A local-node-favoring delta to the scaling roadmap

MicahZoltu · May 19, 2025, 1:28pm

I would love to see state expiry implemented! I spent something like 6 months trying to solve it with some Ethereum researchers a while back but we were never able to come up with a solution that we thought would be satisfactory enough to actually get implemented. If someone has figured out a solution I would love to hear it!

egk10 · May 19, 2025, 2:48pm

What if you pay validators a fee per MB to encourage investment in storage. The more storage a validator has the more rewards it gets.

vbuterin · May 19, 2025, 4:13pm

Why? There’s no requirement for FOCIL validators to accept transactions according to any specific formula; making a non-empty FOCIL list is a purely volunteer task. So they can use whatever rules they want, and then keep the state that is necessary for them to be able to enforce those rules.

vbuterin · May 19, 2025, 4:14pm

I increasingly think the solution to state expiry is to just move closer and closer to a world where every node is a partial state storing node. Users what want to send txs that use state that other people don’t store would have to locally store the associated witnesses and attach those witnesses to their transactions.

SCBuergel · May 19, 2025, 4:31pm

I appreciate the effort towards increased resilience here again. But I’m not sure if what is proposed is actually realistic.

What I would like to see play out is end-users are able to run their own RPC servers that follow head and store the vast majority of all interesting state on Ethereum.

Yes, that aligns with censorship resistance, but I doubt it’s the realistic outcome. What would that look like in practice? Ideally, every wallet would run a local reduced-state node - think “Mist, but scalable.” But that shifts an even heavier burden onto full nodes, which would then have to:

Lookup light-client proof data → increased storage (read) load
Generate the light-client proof → increased compute load
Relay the light-client proof over the network → increased bandwidth and connection load

I’d love to see performance estimates, but depending on rollout, you could easily end up with partial-state nodes outnumbering full nodes by more than 1,000x (assuming one wallet per reduced-state node). That alone could bottleneck full nodes. And network load isn’t just about bandwidth - it’s also about how many concurrent connections a node can handle.

With all that extra work, why would full-node operators participate? We’ve managed so far with only a few light nodes freeloading on existing full nodes, but that dynamic would break once most Ethereum users run light clients.

Maybe I’m off base here - it all depends on how this is rolled out and adopted.

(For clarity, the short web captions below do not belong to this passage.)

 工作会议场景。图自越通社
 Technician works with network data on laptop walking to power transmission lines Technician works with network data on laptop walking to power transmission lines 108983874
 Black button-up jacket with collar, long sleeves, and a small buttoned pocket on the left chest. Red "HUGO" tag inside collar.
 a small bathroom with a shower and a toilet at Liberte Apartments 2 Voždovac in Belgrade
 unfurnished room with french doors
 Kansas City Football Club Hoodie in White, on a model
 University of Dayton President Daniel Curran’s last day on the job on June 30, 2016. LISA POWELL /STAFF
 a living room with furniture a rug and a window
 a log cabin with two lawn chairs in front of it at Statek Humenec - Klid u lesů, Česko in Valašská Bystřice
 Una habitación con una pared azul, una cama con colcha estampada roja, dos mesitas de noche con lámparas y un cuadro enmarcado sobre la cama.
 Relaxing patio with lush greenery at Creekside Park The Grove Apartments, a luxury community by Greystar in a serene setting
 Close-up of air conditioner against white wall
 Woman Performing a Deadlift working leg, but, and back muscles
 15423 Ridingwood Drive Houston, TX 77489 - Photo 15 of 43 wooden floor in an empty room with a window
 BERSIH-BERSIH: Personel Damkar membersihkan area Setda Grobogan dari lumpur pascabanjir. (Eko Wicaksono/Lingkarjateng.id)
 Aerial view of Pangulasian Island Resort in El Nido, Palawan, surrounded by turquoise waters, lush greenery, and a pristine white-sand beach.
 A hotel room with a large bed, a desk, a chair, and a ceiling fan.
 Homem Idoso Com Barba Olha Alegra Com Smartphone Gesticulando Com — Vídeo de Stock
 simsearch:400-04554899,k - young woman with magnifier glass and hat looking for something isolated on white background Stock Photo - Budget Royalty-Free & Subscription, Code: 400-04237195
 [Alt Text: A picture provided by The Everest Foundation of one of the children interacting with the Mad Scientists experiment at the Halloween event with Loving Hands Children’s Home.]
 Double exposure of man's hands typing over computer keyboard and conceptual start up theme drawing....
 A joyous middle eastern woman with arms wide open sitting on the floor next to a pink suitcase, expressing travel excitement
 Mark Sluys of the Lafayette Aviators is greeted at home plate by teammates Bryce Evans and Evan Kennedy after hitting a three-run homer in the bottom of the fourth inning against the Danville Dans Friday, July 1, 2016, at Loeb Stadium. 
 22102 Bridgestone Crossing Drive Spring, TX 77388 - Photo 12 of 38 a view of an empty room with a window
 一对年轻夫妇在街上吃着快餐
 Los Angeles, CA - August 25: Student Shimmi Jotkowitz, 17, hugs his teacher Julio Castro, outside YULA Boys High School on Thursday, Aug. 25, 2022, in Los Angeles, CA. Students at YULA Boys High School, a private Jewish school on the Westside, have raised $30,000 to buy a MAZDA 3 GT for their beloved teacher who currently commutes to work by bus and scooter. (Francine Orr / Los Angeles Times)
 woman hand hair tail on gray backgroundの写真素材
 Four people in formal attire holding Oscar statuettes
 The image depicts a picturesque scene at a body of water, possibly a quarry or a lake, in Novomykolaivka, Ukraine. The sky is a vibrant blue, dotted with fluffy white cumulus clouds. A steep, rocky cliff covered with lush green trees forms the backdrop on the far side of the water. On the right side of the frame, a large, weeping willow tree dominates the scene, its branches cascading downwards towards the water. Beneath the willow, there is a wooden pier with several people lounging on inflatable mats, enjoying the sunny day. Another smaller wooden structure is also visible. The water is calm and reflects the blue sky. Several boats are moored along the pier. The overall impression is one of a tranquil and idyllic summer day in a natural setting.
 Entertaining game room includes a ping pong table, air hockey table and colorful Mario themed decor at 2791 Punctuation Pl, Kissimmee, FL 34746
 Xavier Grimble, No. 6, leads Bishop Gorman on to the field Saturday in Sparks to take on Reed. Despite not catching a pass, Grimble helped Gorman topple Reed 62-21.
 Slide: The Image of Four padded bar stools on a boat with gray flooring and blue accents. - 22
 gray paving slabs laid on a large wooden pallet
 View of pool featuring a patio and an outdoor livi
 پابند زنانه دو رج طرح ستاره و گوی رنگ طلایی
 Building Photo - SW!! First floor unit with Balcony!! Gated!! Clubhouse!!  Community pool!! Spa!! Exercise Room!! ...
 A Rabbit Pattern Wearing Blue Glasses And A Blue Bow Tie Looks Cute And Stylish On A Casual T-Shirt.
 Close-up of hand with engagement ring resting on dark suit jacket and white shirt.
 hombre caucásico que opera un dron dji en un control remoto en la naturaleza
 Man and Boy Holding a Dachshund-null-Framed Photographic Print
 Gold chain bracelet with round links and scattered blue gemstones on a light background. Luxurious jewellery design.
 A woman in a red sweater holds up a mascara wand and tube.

I’m curious what @vbuterin envisions in practice, since that will determine what additional systems - like a dedicated light-client proof-data layer - we might need to design, build, and incentivize.

soispoke · May 19, 2025, 4:41pm

If FOCIL includers don’t store (or query, or verify a proof) the validity-only state (balance and nonce basically), they can’t know which transactions should be kept or pruned in the mempool, which means an attacker can easily spam the mempool with a lot of invalid transactions, that would then end up in ILs and crowd out valid ones.

In practice they can definitely choose not to hold state if they don’t want to, but then they wouldn’t be able to participate in FOCIL and propose “good”, relevant ILs. If we don’t assume all nodes will want to participate in FOCIL (which is fair, it’s just a departure from the model we have today where all participating nodes running an EL client maintain the public mempool according to the exact same rules), then FOCIL should probably opt-in, and FOCIL nodes should be cleanly separated from other nodes performing other duties (e.g., Attester-Includer Separation) in the future. But then they might need incentives with either fees, or issuance. This is a topic we’re actively exploring but it’s very tricky find a simple, incentive compatible solution there.

MedardDuffy · May 19, 2025, 7:24pm

For persistent storage to survive in a decentralized system, the erasure code needs to be composable and decentralized, i.e. RLNC. One-time use codes like RS will lead to loss of ability to recover the data because nodes come and leave.

F.H.P. Fitzek, Toth, T., Szabados, A., Pedersen, M.V., Lucani, D.E., Sipos, M., Charaf, H., and Médard, M., “Implementation and Performance Evaluation of Distributed Cloud Storage Solutions using Random Linear Network Coding," IEEE CoCoNet 2014

V. Abdrashitov and Médard, M., “Durable Network Coded Distributed Storage," Allerton 2015

V. Abdrashitov and Médard, M., “Staying Alive - Network Coding for Data Persistence in Volatile Networks," invited paper, Asilomar 2016.